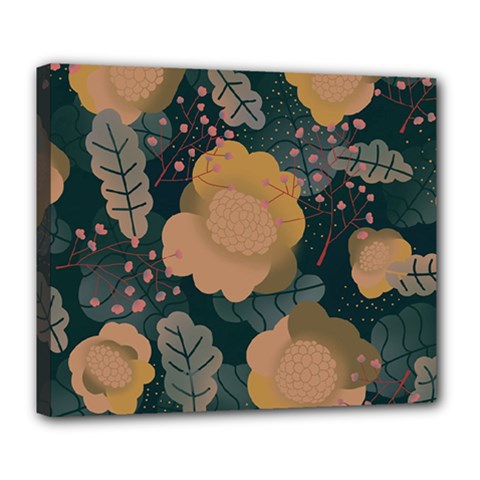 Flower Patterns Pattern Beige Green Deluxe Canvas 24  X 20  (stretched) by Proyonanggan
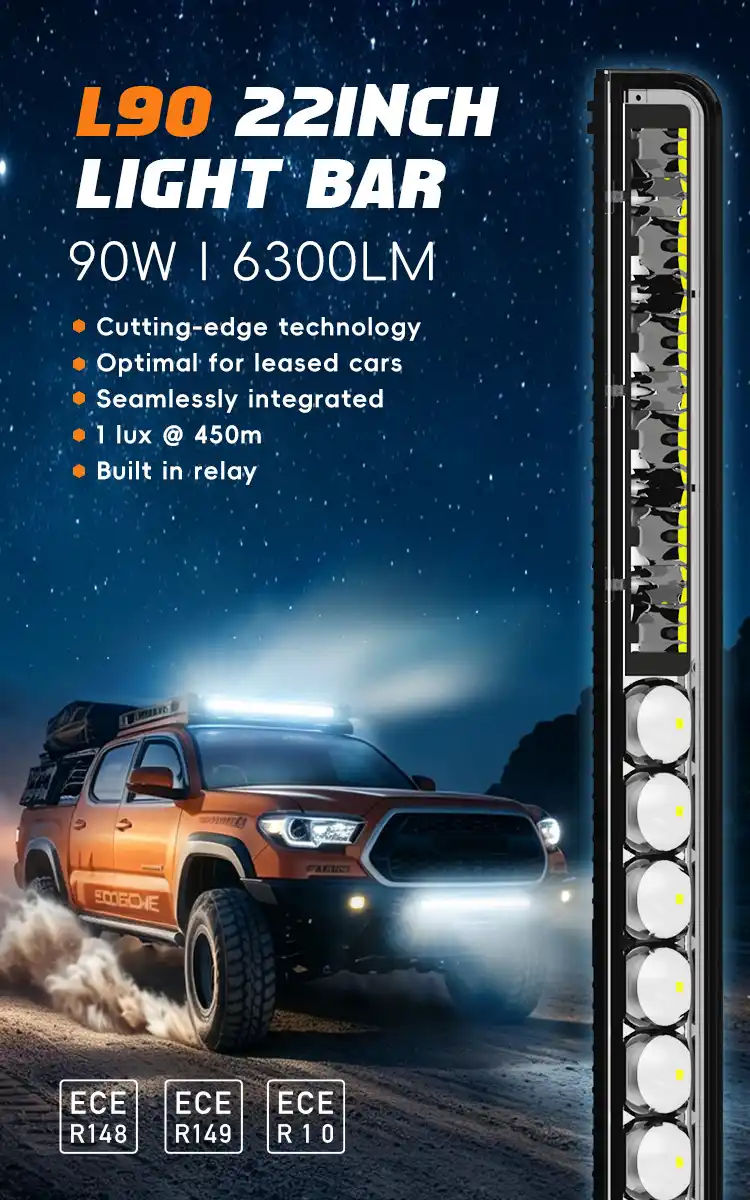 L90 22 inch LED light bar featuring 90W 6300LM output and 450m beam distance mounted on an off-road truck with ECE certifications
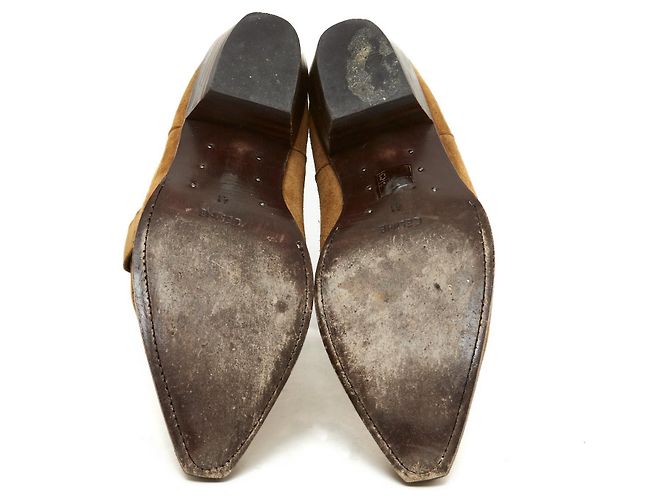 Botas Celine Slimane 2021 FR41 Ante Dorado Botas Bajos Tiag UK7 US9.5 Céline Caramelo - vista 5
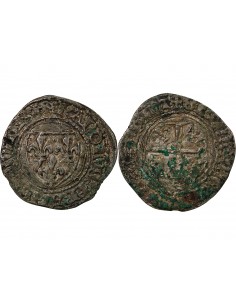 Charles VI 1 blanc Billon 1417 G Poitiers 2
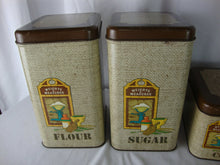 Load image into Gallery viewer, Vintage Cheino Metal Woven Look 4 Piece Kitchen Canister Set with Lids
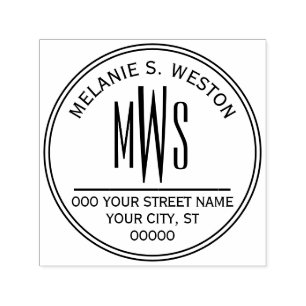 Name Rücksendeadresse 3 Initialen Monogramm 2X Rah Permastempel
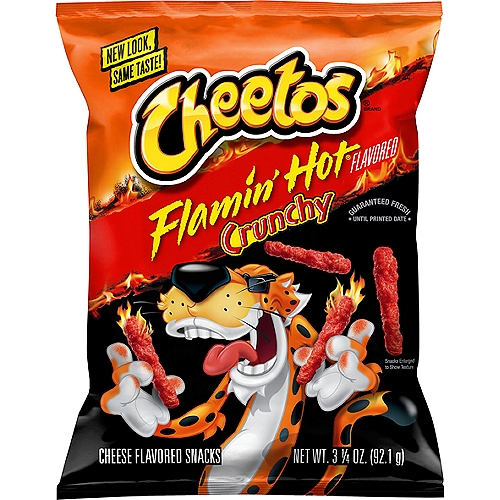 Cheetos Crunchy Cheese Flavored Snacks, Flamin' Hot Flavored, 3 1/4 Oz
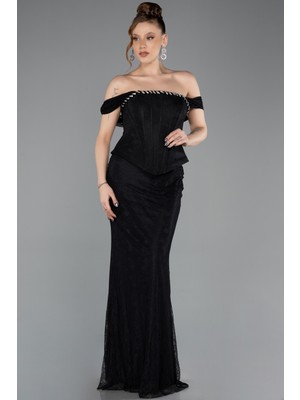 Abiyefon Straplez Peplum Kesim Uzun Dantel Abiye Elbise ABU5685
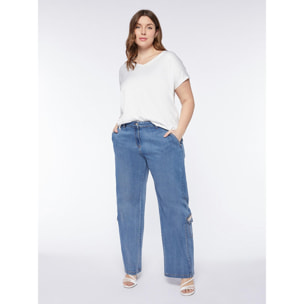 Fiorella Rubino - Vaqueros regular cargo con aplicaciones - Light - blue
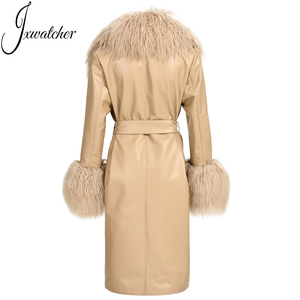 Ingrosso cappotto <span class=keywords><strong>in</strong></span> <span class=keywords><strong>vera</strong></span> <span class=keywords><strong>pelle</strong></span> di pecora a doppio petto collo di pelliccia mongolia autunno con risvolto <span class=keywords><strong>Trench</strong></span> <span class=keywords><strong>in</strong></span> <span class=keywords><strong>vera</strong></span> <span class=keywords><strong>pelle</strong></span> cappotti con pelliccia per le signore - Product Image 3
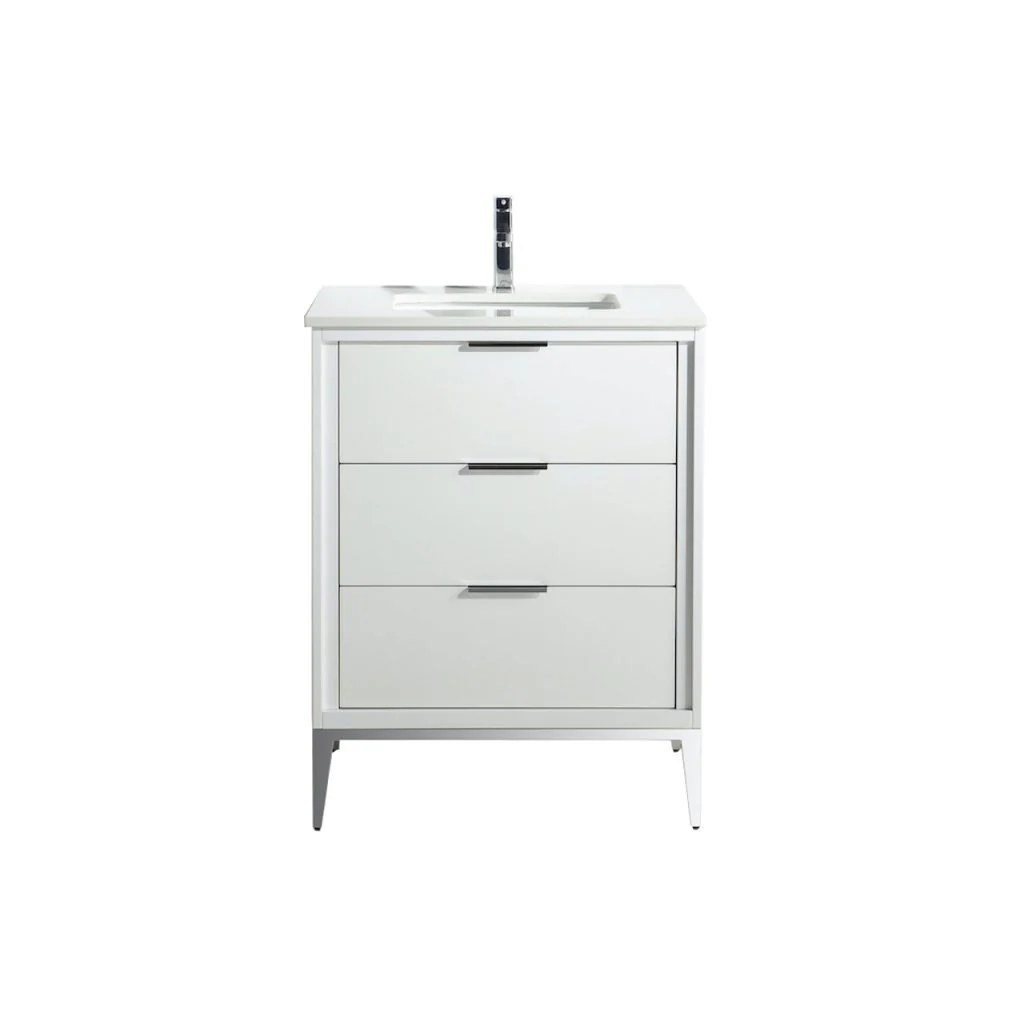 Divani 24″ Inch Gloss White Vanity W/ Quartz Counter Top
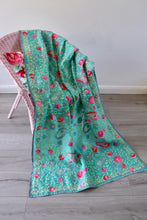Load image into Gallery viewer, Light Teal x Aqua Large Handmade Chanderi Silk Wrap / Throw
════════════════════
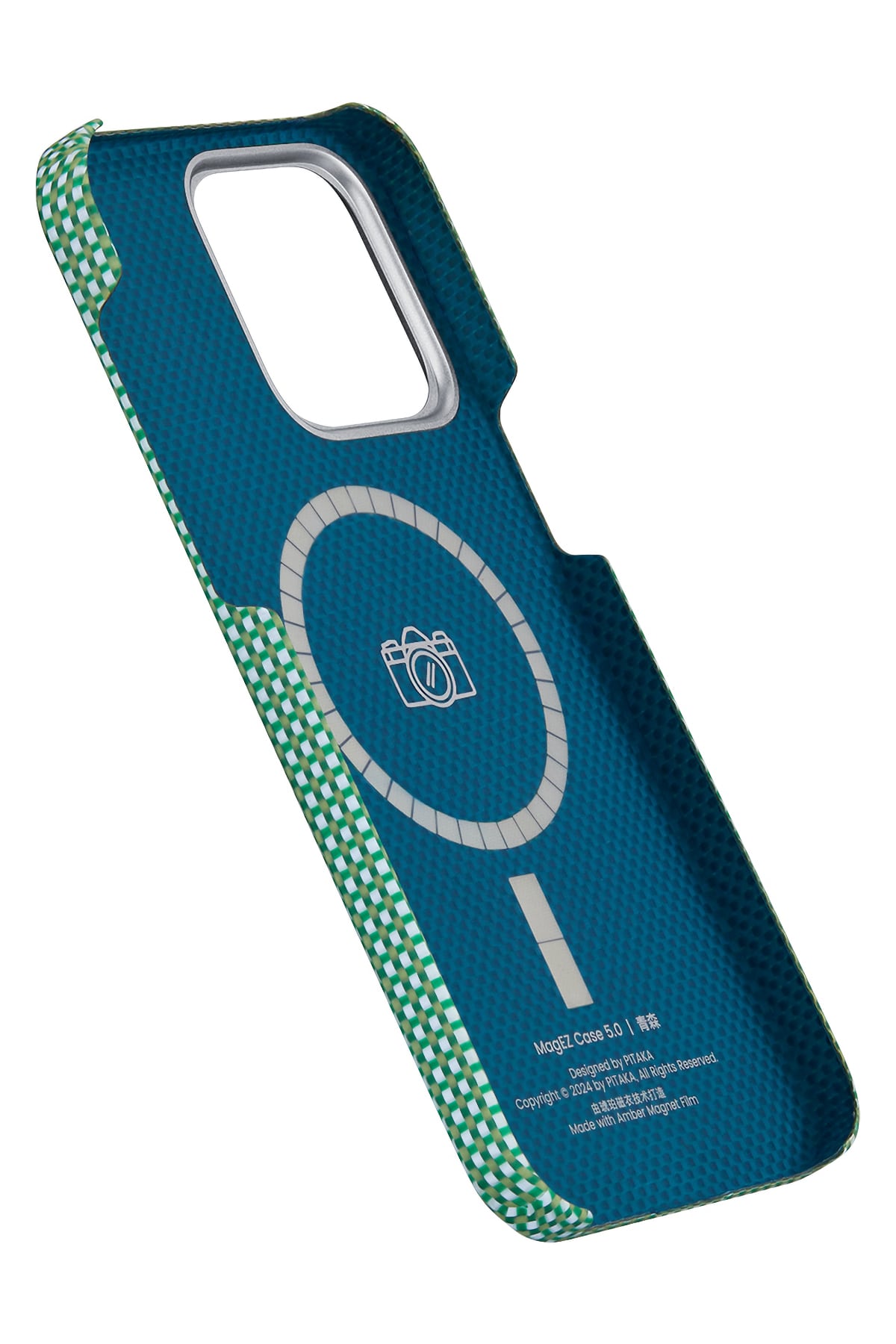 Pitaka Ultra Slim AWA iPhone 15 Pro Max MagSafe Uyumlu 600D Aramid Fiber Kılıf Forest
════════════════════
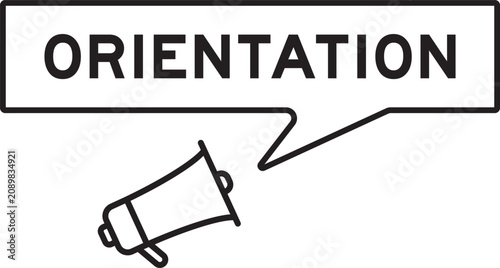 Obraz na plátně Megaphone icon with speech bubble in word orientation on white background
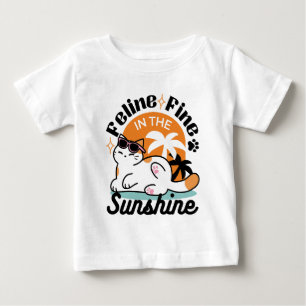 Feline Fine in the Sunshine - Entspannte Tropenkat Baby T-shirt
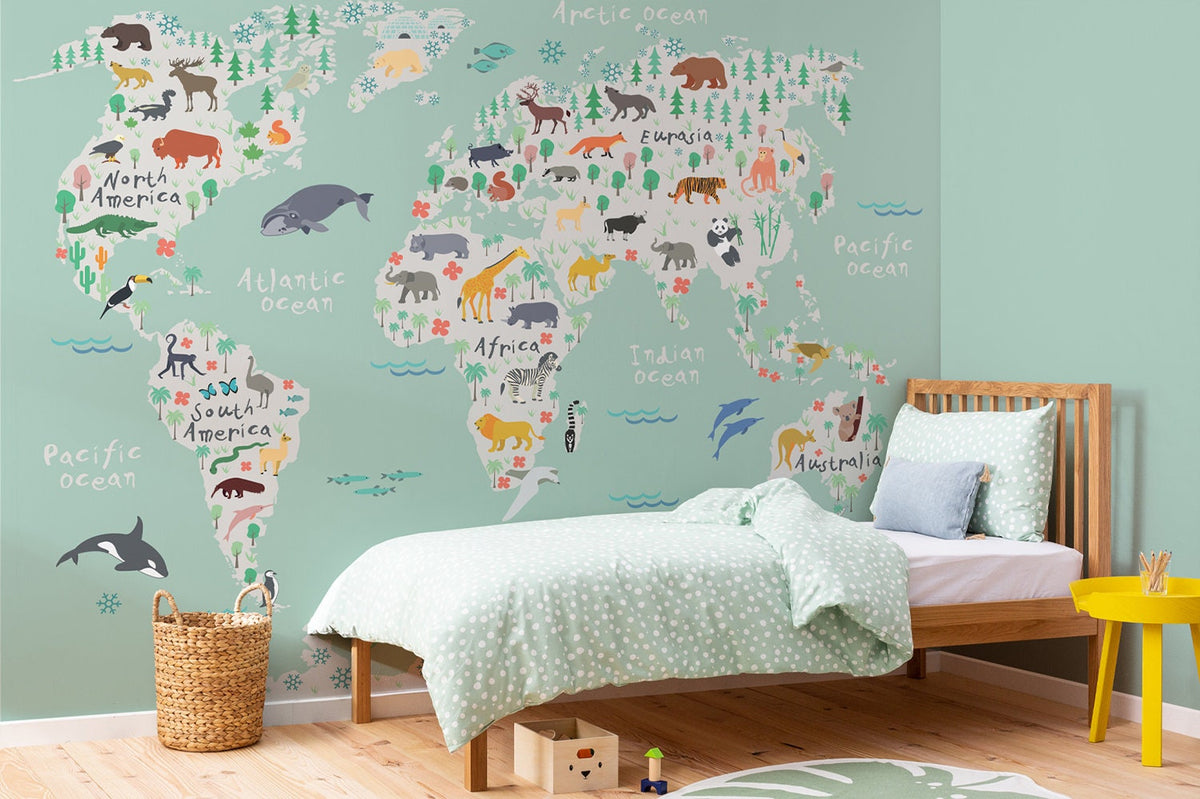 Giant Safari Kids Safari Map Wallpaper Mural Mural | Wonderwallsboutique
════════════════════
All lines above starting at the one with "Flower Patterns Pattern" and ending at the one with "Load image into Gallery viewer, Vintage", inclusive, are to be printed again exactly, with the pictures left out.

 Flower Patterns Pattern Beige Green Deluxe Canvas 24  X 20  (stretched) by Proyonanggan
 L90 22 inch LED light bar featuring 90W 6300LM output and 450m beam distance mounted on an off-road truck with ECE certifications
 Botas Celine Slimane 2021 FR41 Ante Dorado Botas Bajos Tiag UK7 US9.5 Céline Caramelo - vista 5
 Charles VI 1 blanc Billon 1417 G Poitiers 2
 Load image into Gallery viewer, Vintage Cheino Metal Woven Look 4 Piece Kitchen Canister Set with Lids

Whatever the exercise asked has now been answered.